遠回りな話
「なるほどな……確かに開拓を終わらせた後で転々とする事が出来るのは少々薄情にも思えるな……」
人間……に限った話では無いが、年を取れば取る程自分が作り上げた物に対して愛着が湧くものだ。それが苦労して作り上げた物なら猶更な。気楽に捨てる事が出来るというのは楽に作り上げたか、それとも若気の至りか……自分の国を作ろうとしたのは案外そういう理由か……? いや、それだと時系列が合わんな。この理屈だと開拓している内に独立への願望が沸き上がった事になる。……が、オリヴィエの話を聞いている限りはこの独立はかなり前から意図的に計画されていた物だと言う印象を受ける。

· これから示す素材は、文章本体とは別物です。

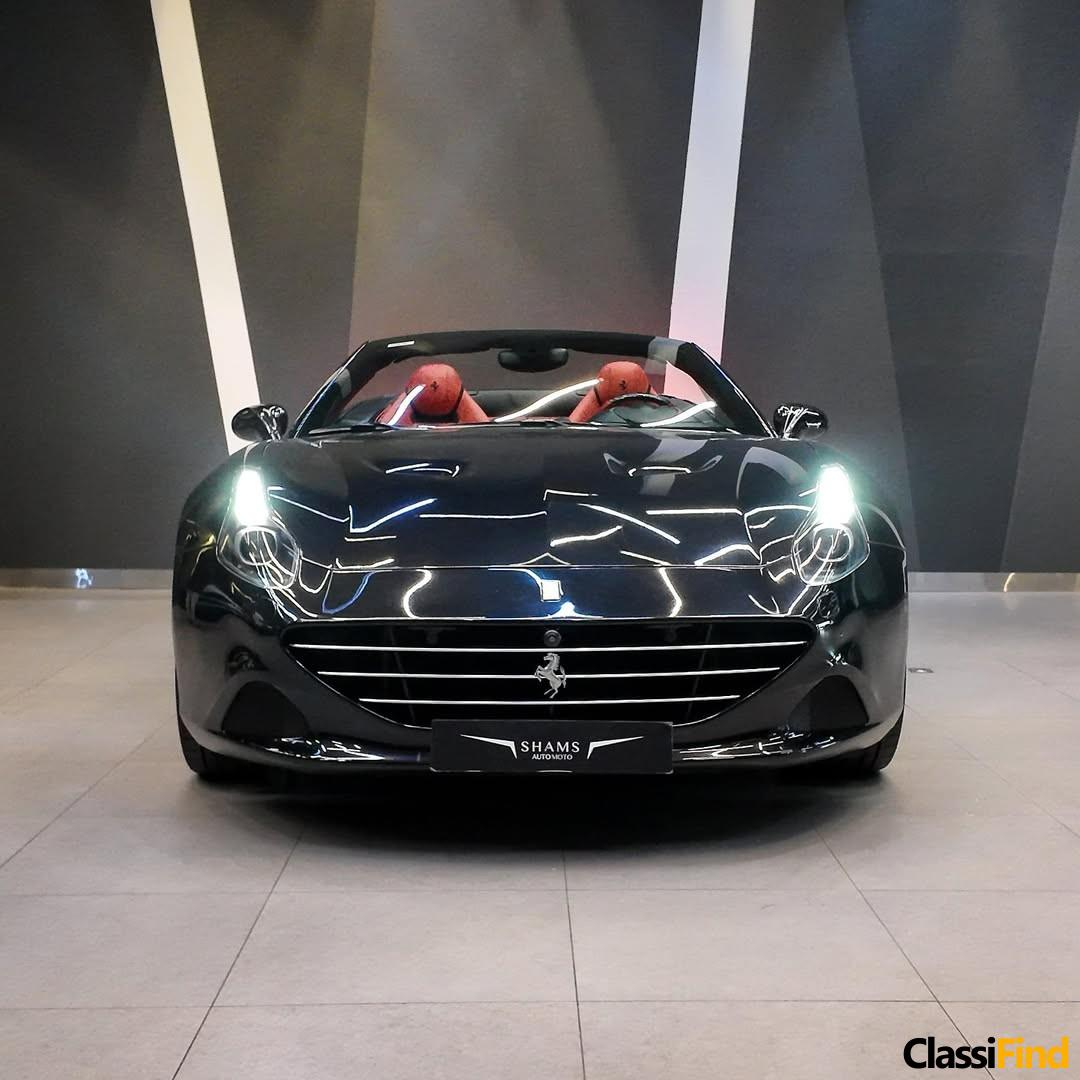 Ferrari California T 2015 Model – Impeccable Condition, For Sale Now!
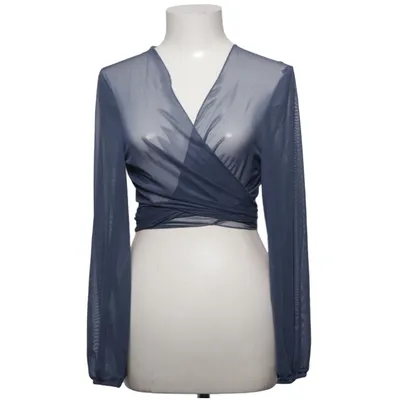 Haut (Bleu) de Swing Élasthane, Polyester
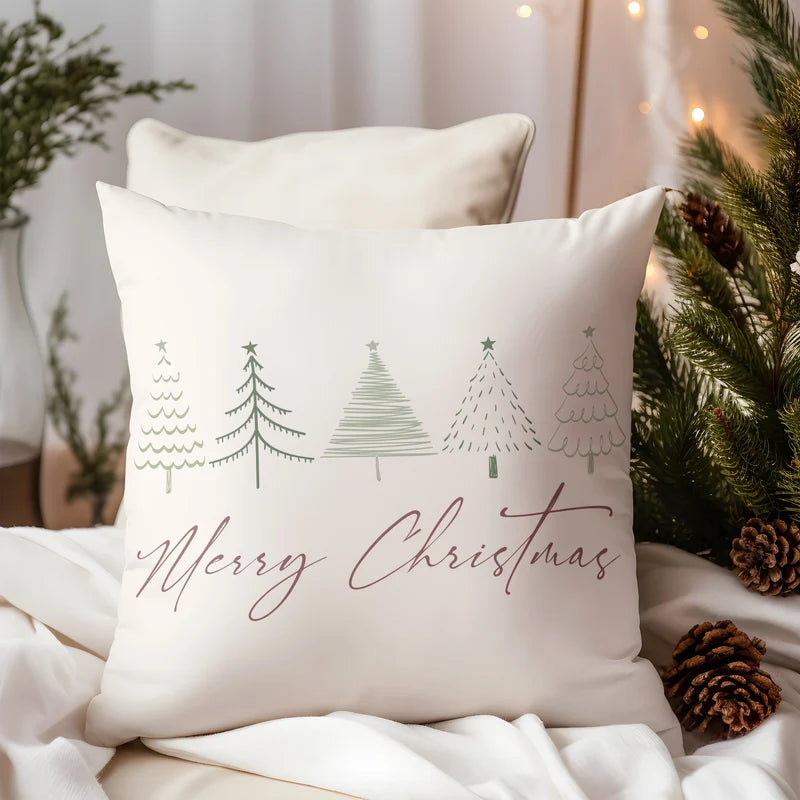 Christmas Throw Pillow Cover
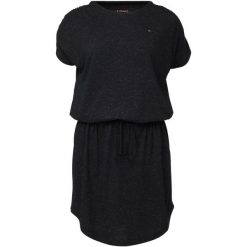 Sukienka damska LOAP Bugatela z lurexem, rozmiar S. Niebieskie sukienki damskie ZENZIMAT, na lato, s, bez wzorów, sportowe, bez kołnierzyka, bez ramiączek, sportowe. Za 169.99 zł.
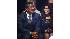 Jermaine Jackson, Marie Osmond in audience at...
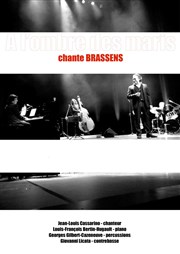 A l'Ombre des Maris | Chante Brassens Salle Mre Marie Pia Affiche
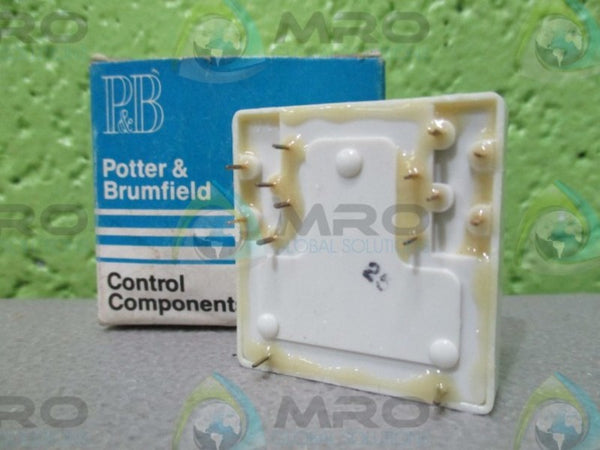 POTTER & BRUMFIELD T10-E2-Y4-24VDC RELAY NSMP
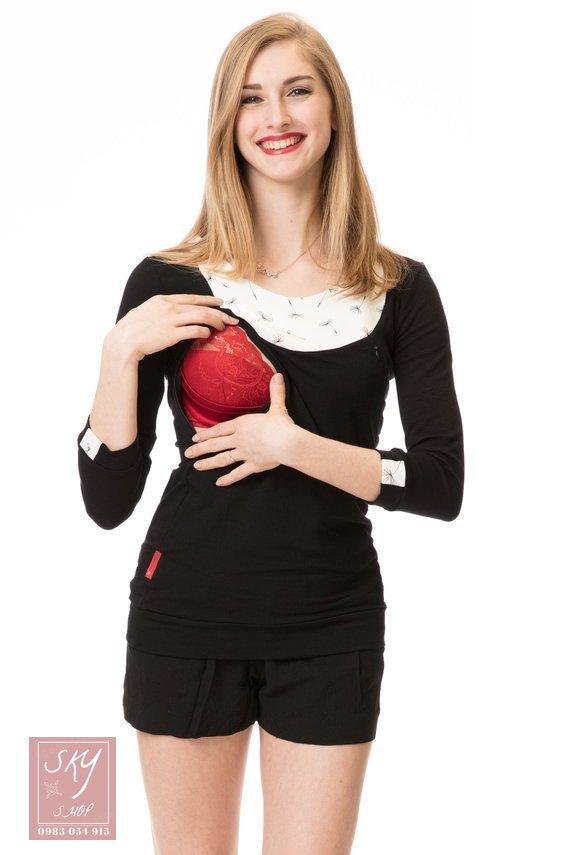 Áo bầu, cho con bú sau sinh hàng EBAY (Ảnh thật)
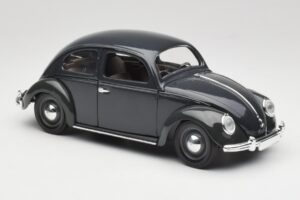 Volkswagen Export Sedan Šedozelený Solido 1:18 SVW001 Kov – obrázok 6 z 8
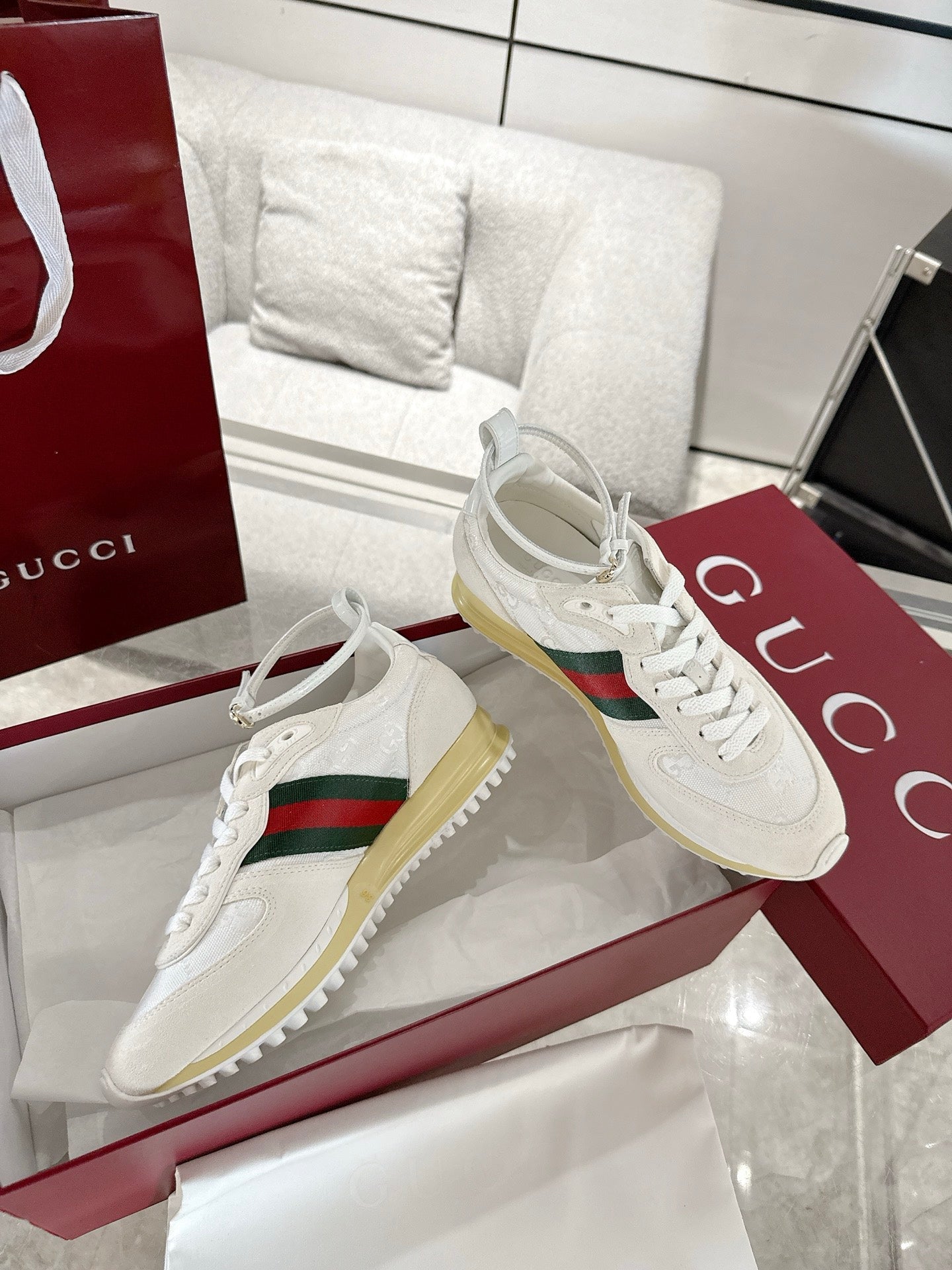 GG Re-Motion sneaker 1025062301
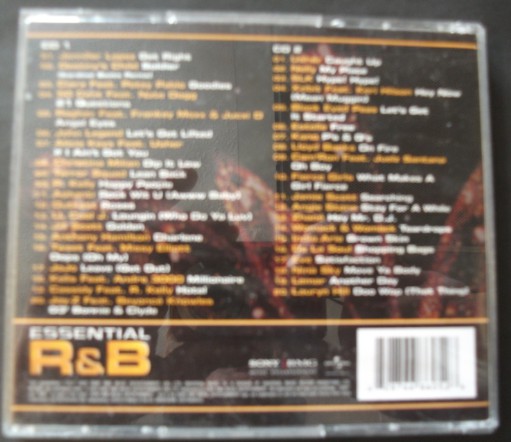 Various : Essential R&B - The Very Best Of R&B: Spring 2005 (2xCD, Comp)
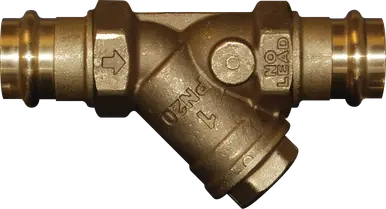 Cimberio #74PRSNL-08 1-1/4in Lead-Free ProPress Y-Strainer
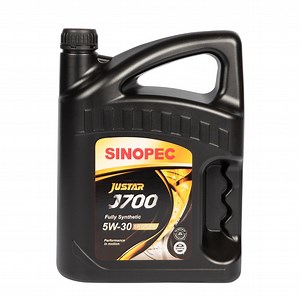 [Hot Item] SINOPEC JUSTAR J700 Aceite de Motor Totalmente Sintético SP/GF-6A 5W-30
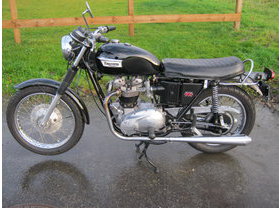 Triumph T 120 US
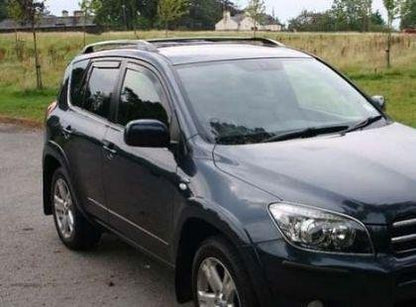 HEKO Wind Deflectors for TOYOTA RAV4 (2005-2012) 5-door - 4 pcs. front and rear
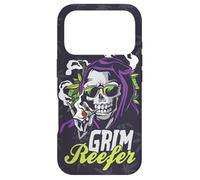 Chanvre Kiffer Cannabis Marijuana Haschisch Ganja Bong Cadeau Coque pour iPhone 17 Pro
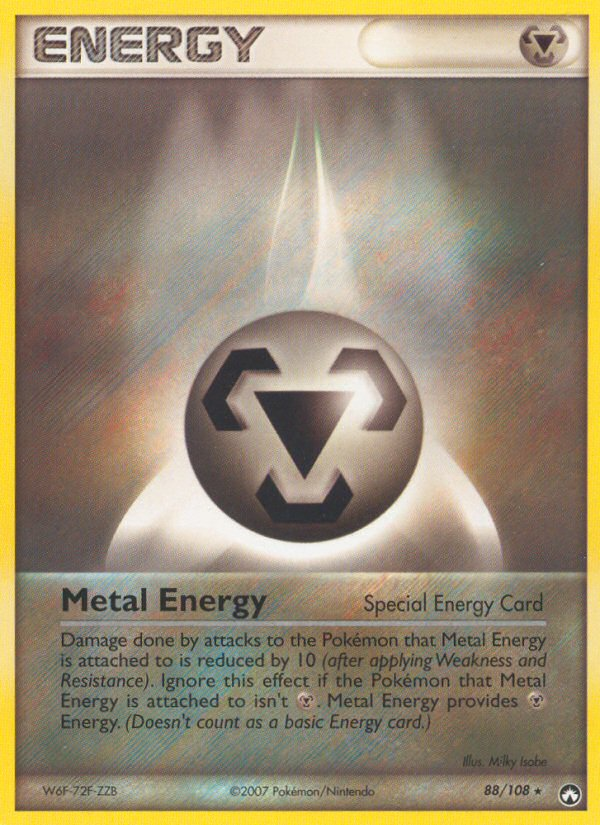 Metal Energy (88/108) [EX: Power Keepers] | Exor Games Dartmouth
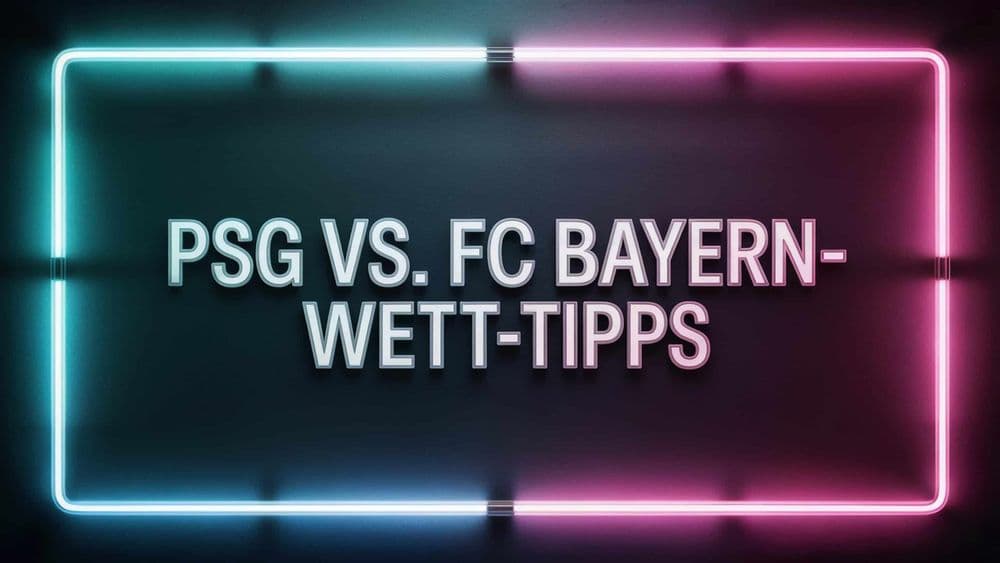 PSG vs. FC Bayern Wett-Tipps am 05.07.2025.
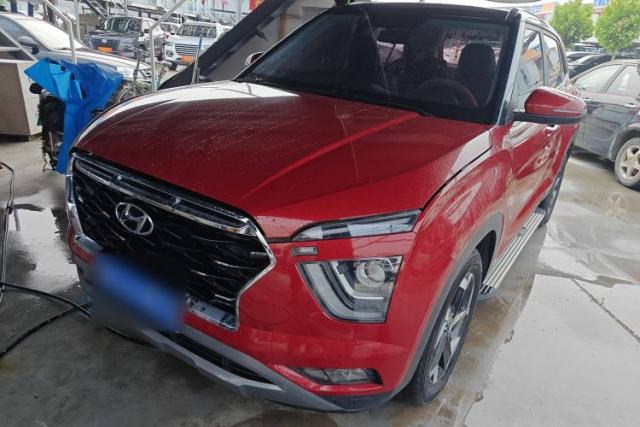 Used Hyundai ix25 2020 1.5L CVT GLS Smart Model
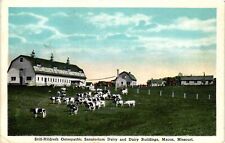 Vintage Postcard- Still-Heldreth Osteopathic Sanatorium Macon MO UnPost 1910 picture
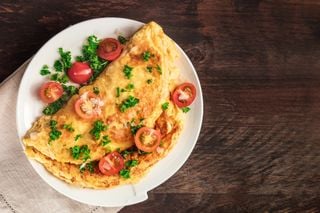 Receita de Omelete Proteico: Simples e Saboroso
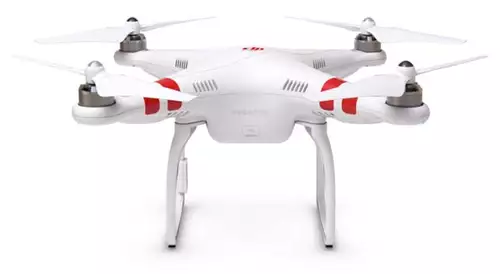 DJI Phantom, startet nicht mehr in Flughafen-Nhe  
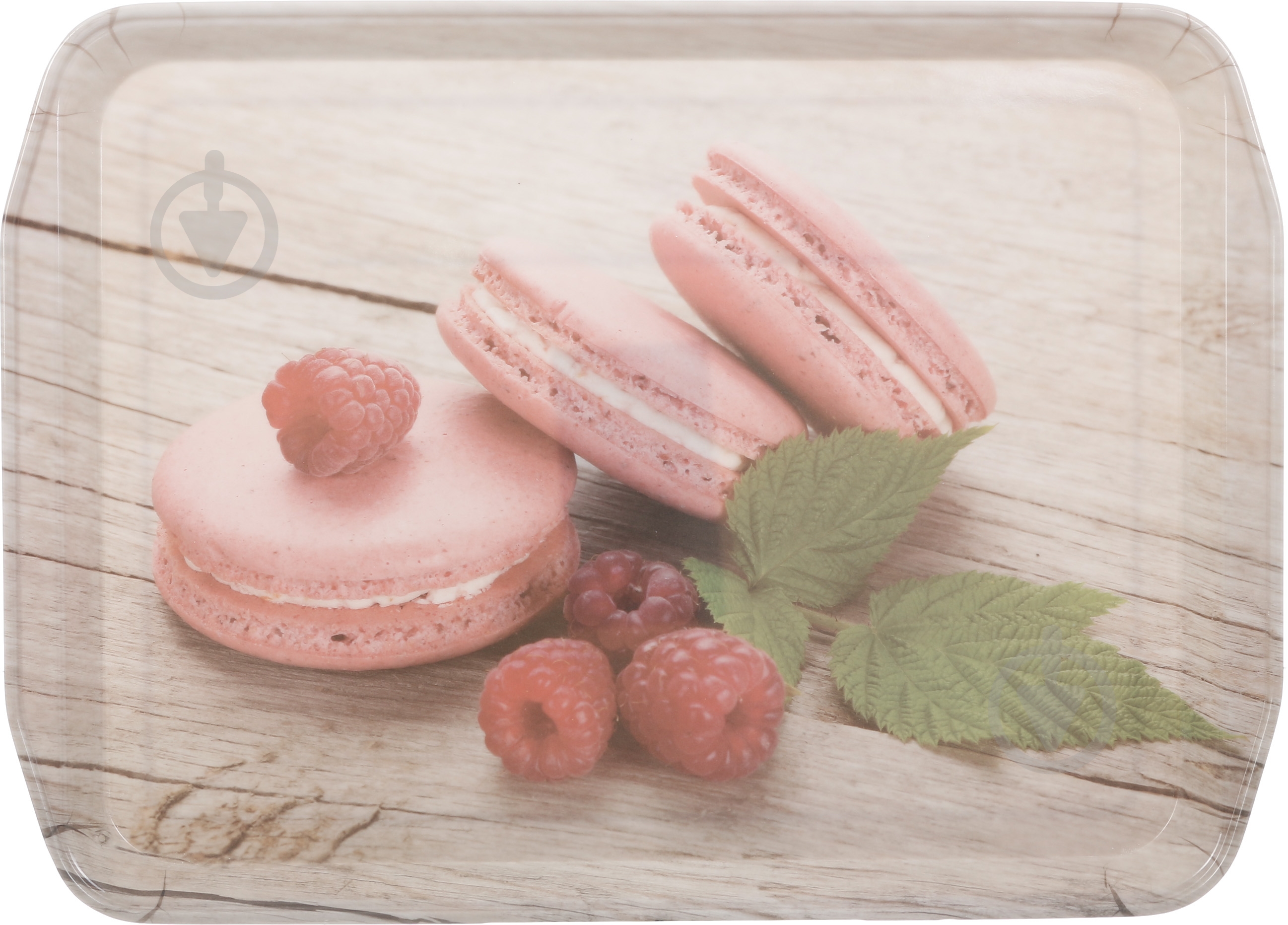Поднос Flamberg Macaroons 40,5х29х2,7 см - фото 1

「情が無い……と言うよりも、合理性があるようにも見えん。開拓の動機が完全な利益追求だったとしても、開拓し終えた村での経済活動よりも次の開拓で得られる利益の方が多いと判断出来なければ、やはり永住すべきだと言う結論になるからだ」
確かに……経済活動において最も重要なのはインフラ作りだ。最もコストのかかる部分だと言っても良い。そして、当たり前の話だがそのコストの回収には極めて長い年月が必要になる。そんな究極の先行投資と言っても差し支えない事業を生業としておきながら自らの意思で経済基盤を手放す……これは合理的とは言えないな。
「単純な金儲けが理由じゃないな……最終的にその人物は国を作ったようだが、それはどこかのタイミングでそう考えるようになったのか? 最初からそれが目的だったように思えてならないが……」
「自分の国を持つことが目的だった? ……ありえるな。出来たばかりの国が一つだけポツンとあっても滅びるのは目に見えているからな。交易出来る相手がどうしても必要になるだろうな。それを国からのバックアップを受けながら先んじて作ったという事か?」
かなり遠回りな話だが、そういう事になるな。